Weiß jmd, welche Nummern man da zur Bereicherung von RTL und der Mehrwertfirmen anrufen muß?

Nachtrag:
Letztes Jahr war es laut youtube 0137-837xxx
das ist dtms. 


			
				dtms schrieb:
			
		

> Die Callmedia-Renner der letzten Jahre „Popstars“ und „DSDS – Deutschland sucht den Superstar“ laufen, wenn überhaupt noch, in der x-ten Staffel, und *die Möglichkeit, das neueste Starlet der Nation per eingeblendeter Telefonnummer zu küren, bringt uns Zuschauer auch nur noch zum Gähnen.*


I agree.


----------



## Aka-Aka (9 April 2011)

*AW: DSDS-Panne: Keine Entschädigung bei Prepaid*

ist es 0137910???

(0)137 910 belegt Deutsche Telekom AG

oho.


----------



## Aka-Aka (10 April 2011)

*AW: DSDS-Panne: Keine Entschädigung bei Prepaid*



Aka-Aka schrieb:


> Man sollte fragen, welche ungenannte "beteiligte" Firma das behauptet. Warum diese Ungenauigkeiten in der Berichterstattung, wenn es um solche Themen geht? Man könnte die Firma nennen und man müsste darauf hinweisen, dass es schlicht nicht stimmt. Ich habe eine Vodafone-Prepaidkarte und mir ggü. erklärte Vodafone, dass man "natürlich die Anrufe ausfiltern und zurückbuchen kiann" - da ging es um einen 0900-Rückruf. Der wurde damals ausgebucht und mein Guthaben entsprechend korrigiert - übrigens bekam ich *danach* mehrfach die Auskunft seitens Vodafone, dass dies leider nicht möglich sei...



„DSDS“-Skandal: Nicht alle bekommen ihr Geld zurück - Kino & TV - FOCUS Online



> Bisher sucht nach FOCUS-Recherchen lediglich der Mobilfunk-Anbieter  Vodafone nach einer Lösung, damit auch „DSDS“-Fans mit Prepaid-Karte,  die 88 Cent pro Anruf zahlten, eine Gutschrift erhalten.

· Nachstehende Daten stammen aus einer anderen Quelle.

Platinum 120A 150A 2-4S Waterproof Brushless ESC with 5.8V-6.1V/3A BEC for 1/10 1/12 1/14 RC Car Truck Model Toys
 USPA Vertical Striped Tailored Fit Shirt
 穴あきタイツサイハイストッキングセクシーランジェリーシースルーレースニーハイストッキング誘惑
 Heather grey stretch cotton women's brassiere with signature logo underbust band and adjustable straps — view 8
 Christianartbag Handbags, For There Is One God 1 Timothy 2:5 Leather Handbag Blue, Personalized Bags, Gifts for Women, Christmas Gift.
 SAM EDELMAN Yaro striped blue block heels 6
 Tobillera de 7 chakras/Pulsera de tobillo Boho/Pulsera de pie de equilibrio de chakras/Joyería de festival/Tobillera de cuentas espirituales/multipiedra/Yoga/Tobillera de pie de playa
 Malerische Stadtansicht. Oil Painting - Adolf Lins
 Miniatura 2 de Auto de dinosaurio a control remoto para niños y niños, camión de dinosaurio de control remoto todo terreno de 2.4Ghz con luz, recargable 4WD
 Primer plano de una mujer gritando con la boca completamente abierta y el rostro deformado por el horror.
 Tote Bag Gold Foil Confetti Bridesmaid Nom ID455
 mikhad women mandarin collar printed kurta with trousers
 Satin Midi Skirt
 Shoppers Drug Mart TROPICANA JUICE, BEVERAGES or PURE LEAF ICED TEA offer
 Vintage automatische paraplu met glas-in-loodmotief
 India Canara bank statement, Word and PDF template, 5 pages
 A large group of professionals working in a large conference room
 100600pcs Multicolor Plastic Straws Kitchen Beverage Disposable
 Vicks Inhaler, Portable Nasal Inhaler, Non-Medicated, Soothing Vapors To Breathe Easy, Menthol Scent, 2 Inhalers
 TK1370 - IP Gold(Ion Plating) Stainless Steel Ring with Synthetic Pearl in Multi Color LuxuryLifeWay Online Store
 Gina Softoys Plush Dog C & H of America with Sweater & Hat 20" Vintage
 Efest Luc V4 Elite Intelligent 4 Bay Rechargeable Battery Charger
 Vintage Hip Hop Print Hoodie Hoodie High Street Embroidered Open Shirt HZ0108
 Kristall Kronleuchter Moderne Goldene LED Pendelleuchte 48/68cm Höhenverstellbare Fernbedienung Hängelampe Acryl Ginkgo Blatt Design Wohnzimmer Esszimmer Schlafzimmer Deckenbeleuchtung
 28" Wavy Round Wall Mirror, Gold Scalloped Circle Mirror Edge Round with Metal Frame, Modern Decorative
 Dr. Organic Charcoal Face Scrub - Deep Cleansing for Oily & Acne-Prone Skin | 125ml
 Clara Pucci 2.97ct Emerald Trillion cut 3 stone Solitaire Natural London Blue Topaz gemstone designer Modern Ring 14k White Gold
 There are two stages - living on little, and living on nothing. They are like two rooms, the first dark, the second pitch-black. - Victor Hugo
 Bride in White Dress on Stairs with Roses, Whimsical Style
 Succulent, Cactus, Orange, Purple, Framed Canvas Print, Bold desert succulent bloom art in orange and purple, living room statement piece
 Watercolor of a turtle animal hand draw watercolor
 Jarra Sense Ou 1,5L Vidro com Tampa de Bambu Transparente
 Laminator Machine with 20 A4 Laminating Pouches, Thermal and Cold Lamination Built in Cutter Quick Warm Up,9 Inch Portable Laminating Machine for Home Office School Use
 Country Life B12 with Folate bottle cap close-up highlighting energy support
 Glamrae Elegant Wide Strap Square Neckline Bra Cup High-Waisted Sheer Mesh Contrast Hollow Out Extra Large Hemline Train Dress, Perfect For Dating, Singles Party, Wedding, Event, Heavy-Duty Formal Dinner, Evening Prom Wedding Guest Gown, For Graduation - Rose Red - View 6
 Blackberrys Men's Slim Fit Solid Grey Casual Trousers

Alle Anrufe an die Nummer sind gespeichert, man müsste sie nur ausfiltern und den Kunden das Geld erstatten und zahlen müsste den Aufwand dann RTL. Das wäre eine saubere Lösung, alles andere ist Rumge-gier-eiere zur Gesichtswahrung.


----------



## Unregistriert (10 April 2011)

*AW: DSDS-Panne: Keine Entschädigung bei Prepaid*

Eine Rückfrage bei Focus wurde gestellt.

Grüße aus Cardiff
A.St.


----------



## Aka-Aka (10 April 2011)

*AW: DSDS-Panne: Keine Entschädigung bei Prepaid*

DSDS: Prepaid Anrufer bekommen offenbar ihr Geld nicht erstattet



> RTL versprach Gebühren für das Telefonvoting *erst gar nicht zu  berechnen*, bzw. wo dies nicht möglich ist *die Telefonkosten selbst zu  erstatten*. Für eine Erstattung benötigt RTL einen Nachweis, dass in der Zeit  nach der falschen Einblendung für einen DSDS Kandidaten gevotet wurde.



Warum werden nicht alle Anrufe ausgebucht, die bei den Providern für die Nummern 0137910xxxx eingegangen sind? Dazu braucht es seitens des Kunden gar nichts und seitens RTL nur den Willen dazu, entstehenden Aufwand bei den Providern zu bezahlen.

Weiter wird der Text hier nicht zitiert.